"Efficient AWS EC2 Instance Metrics and Logs Collection: A Step-by-Step Guide Using Telegraf, InfluxDB, Grafana, and Docker Compose"

Karthi SKarthi S
5 min read

Step 1: Simply create the EC2 instance now inside the security group change the inbound rules,

Telegraf - InfluxDB - Grafana

let's simply understand what each tool helps to attain the required data to be collected using telegraf, stored in the InfluxDB and visualize them simply, now detailed view of metrics collection can be seen using Grafana.

  1. Telegraf:

    • Telegraf is a data collection and reporting agent.

    • It gathers data from various sources like systems, databases, and applications.

    • Telegraf is highly customizable and can be configured to collect specific metrics.

    • It sends the collected data to a storage system like InfluxDB.

  2. InfluxDB:

    • InfluxDB is a time-series database designed to handle time-stamped data.

    • It stores data points along with a timestamp, making it ideal for time-based data, like system metrics or sensor readings.

    • InfluxDB is known for its high performance and scalability.

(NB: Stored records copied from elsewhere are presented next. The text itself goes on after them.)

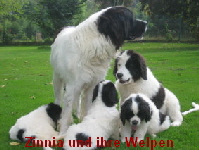 Welpen6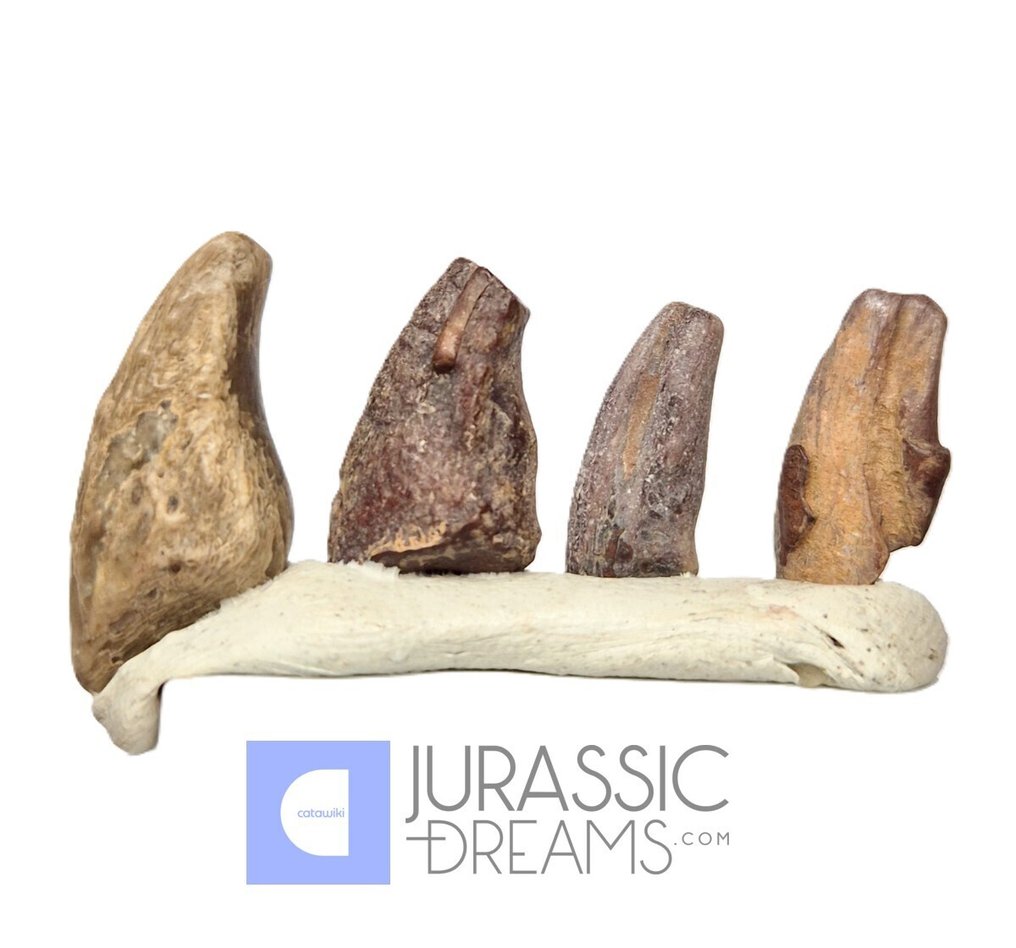 Forstenet klo - Set of 4 Partial Unidentified Theropod Dinosaur Claws - Lower Cretaceous Elrhaz Fm  (Ingen mindstepris) #4.3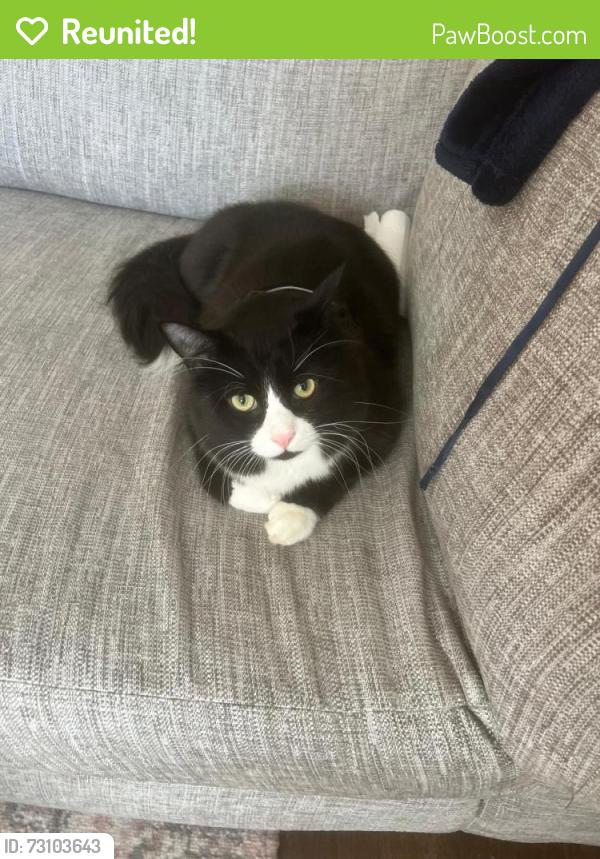 Reunited Male Cat last seen Golf course, Audenshaw, England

    • It can store and retrieve data efficiently for use in analytics and visualization tools.

  3. Grafana:

    • Grafana is a visualization and monitoring platform.

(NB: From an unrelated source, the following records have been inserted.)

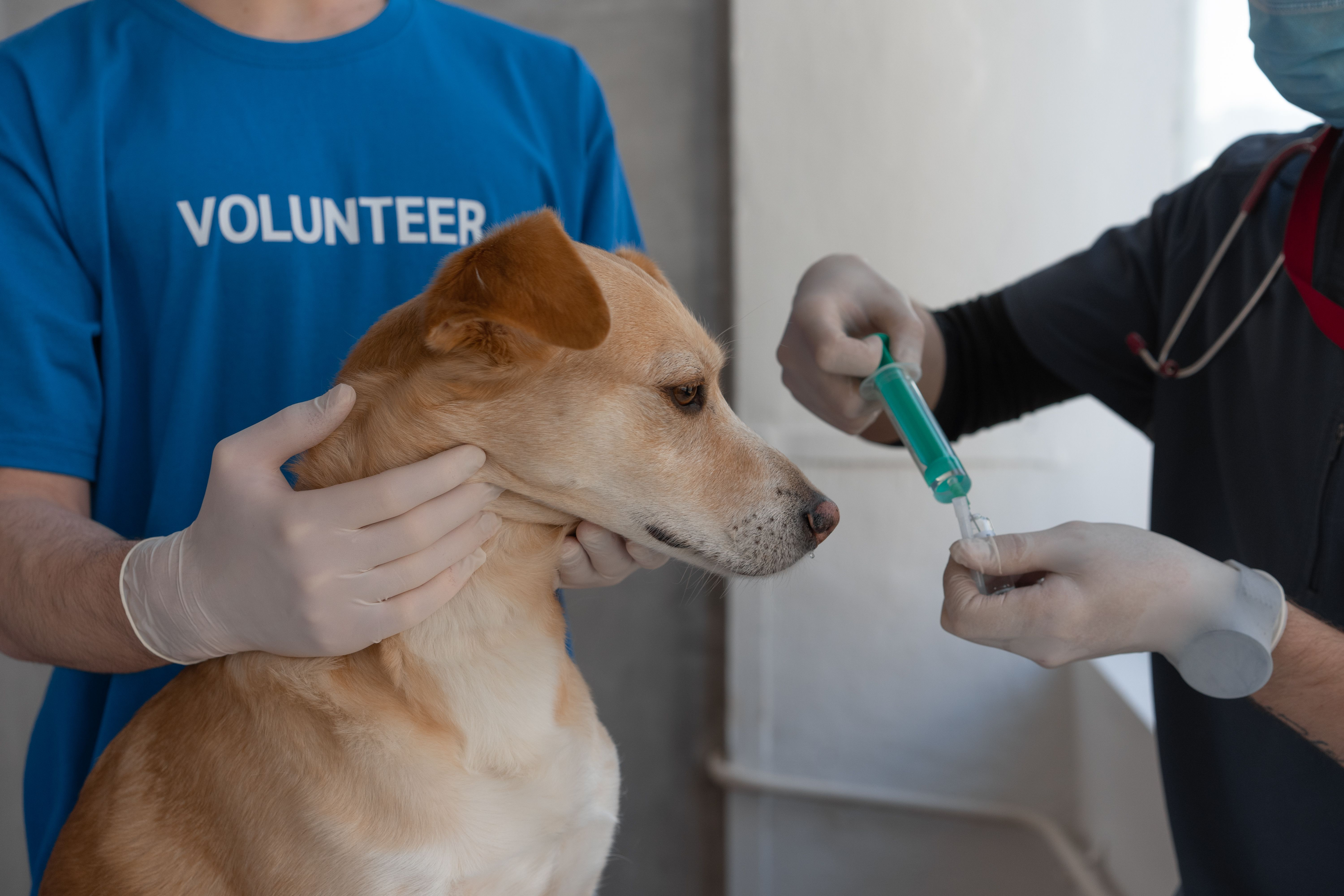 Rj Dhrumil talks about Dog Bites in Ahmedabad- nasbandhi and vaccination episode artwork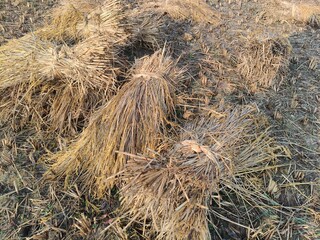 Rice stalk tied up bundle in the field. Agriculture paddy crop stack. Fresh rice stems on farmland after harvest. After harvesting, the paddy crop has been tied and is now ready to be taken home.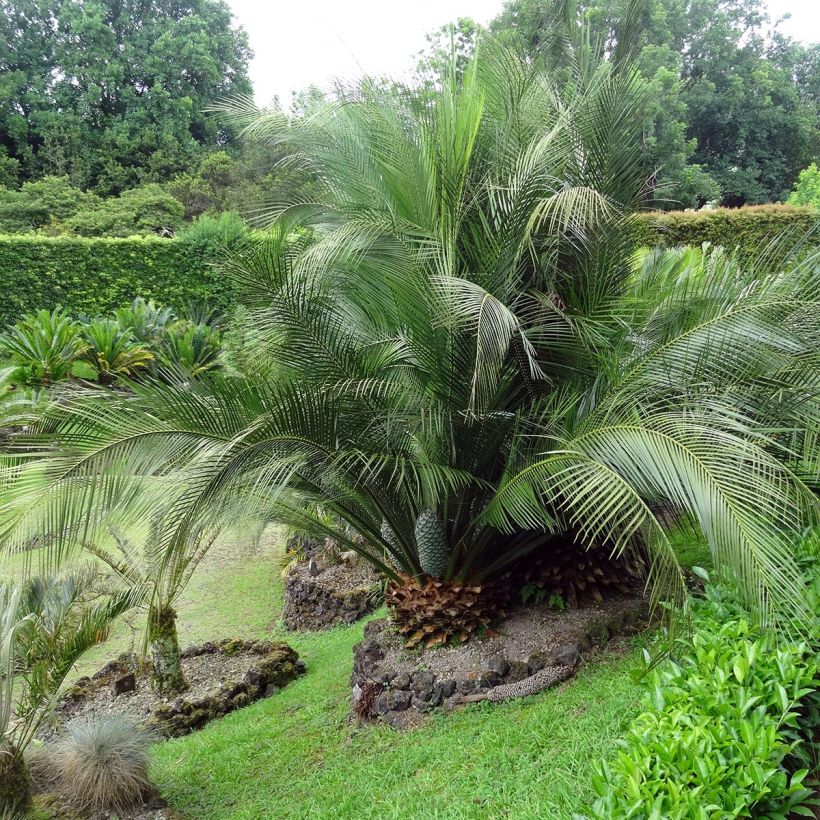 Macrozamia communis (Plant habit)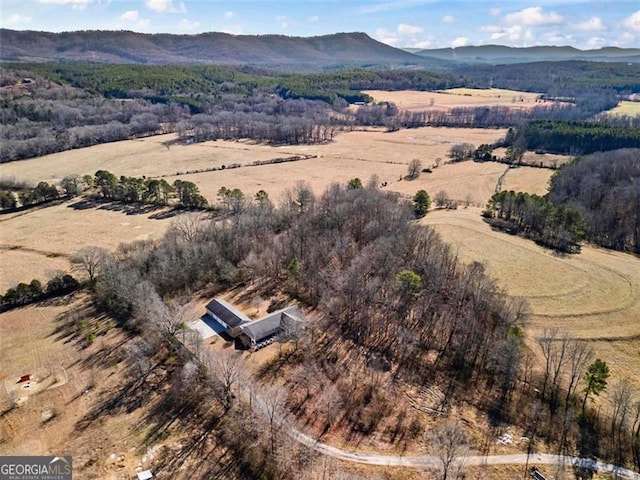 birds eye view of property featuring a mountain view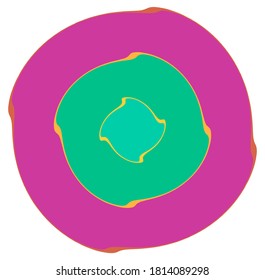 Abstract spiral, swirl, twirl and vortex shapes in vivid, vibrant colors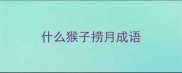 什么猴子捞月成语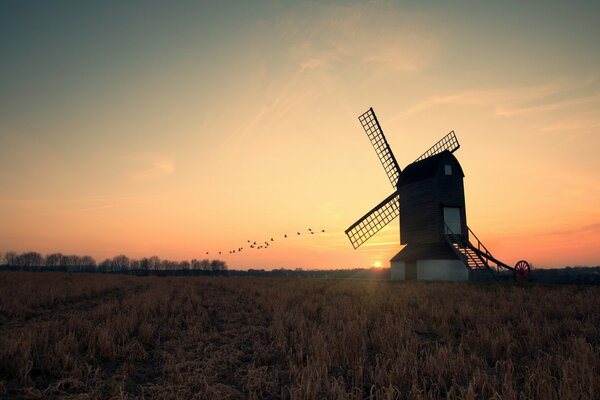 Puesta de sol de la tarde con aves voladoras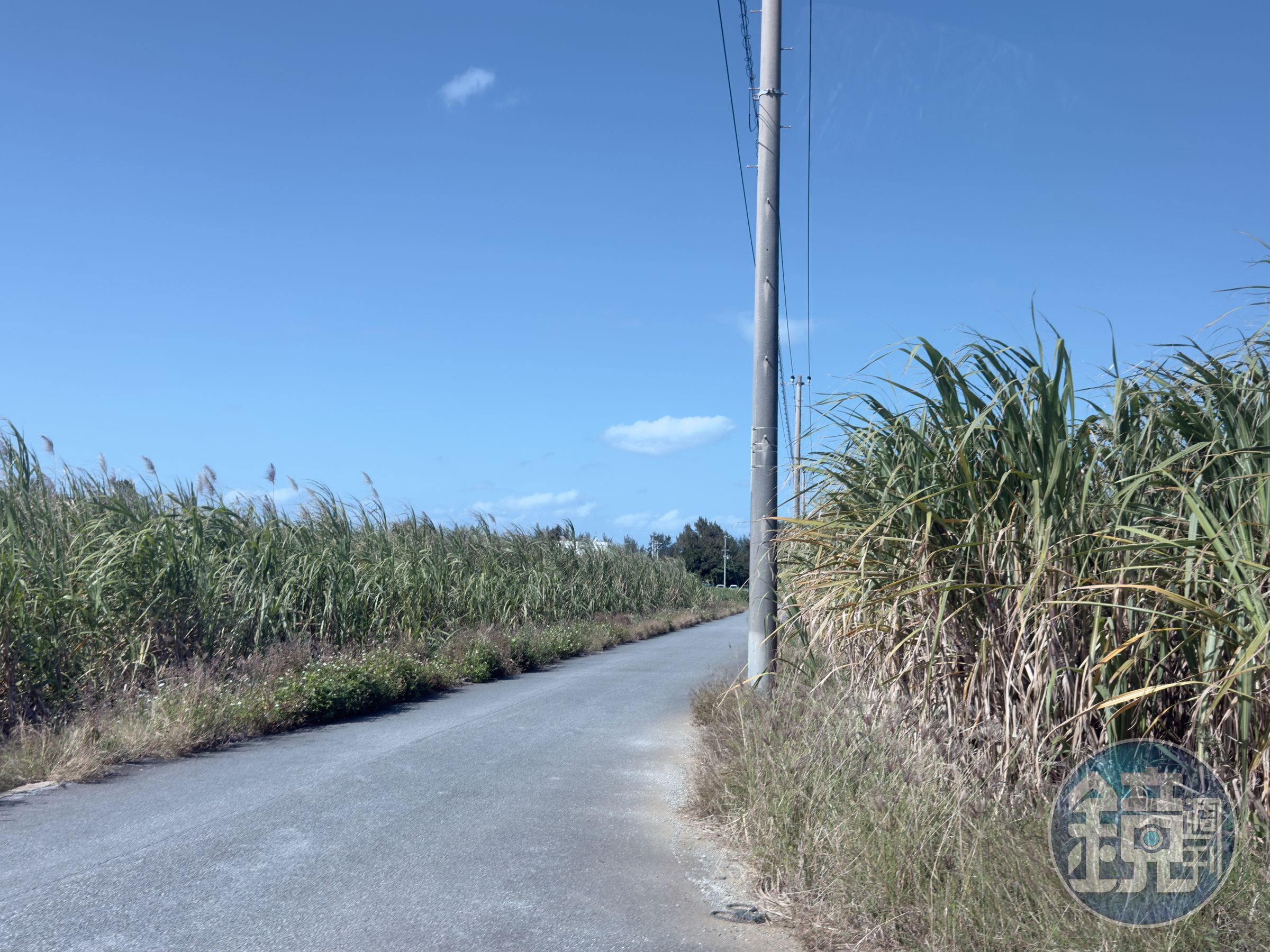 度假村座落在甘蔗田之中，車行其間，綠意隨海風搖曳。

    • It connects to various data sources, including InfluxDB.

    • Grafana allows you to create customizable dashboards to visualize and analyze data.

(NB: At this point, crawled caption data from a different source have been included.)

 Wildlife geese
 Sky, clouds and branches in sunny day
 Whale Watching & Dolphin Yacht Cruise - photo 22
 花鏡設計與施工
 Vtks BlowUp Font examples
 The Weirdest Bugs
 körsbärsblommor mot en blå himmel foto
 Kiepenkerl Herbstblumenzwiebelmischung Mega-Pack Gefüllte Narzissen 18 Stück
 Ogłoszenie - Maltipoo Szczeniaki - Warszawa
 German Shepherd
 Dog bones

    • You can build graphs, charts, and other visualizations to gain insights from your data.

    • It's a powerful tool for real-time monitoring and historical data analysis.

Step 2 :

Now, use docker-compose file,

  • In the provided YAML configuration, we have defined a Docker Compose setup to orchestrate the deployment of three essential components: Telegraf, InfluxDB, and Grafana, which collectively form a robust solution for data collection, storage, and visualization.

  • The 'telegraf' service is configured to use the Telegraf image and load a configuration file ('telegraf.conf') from the local filesystem. It connects to the 'influxdb' service and exposes port 8125 for data ingestion.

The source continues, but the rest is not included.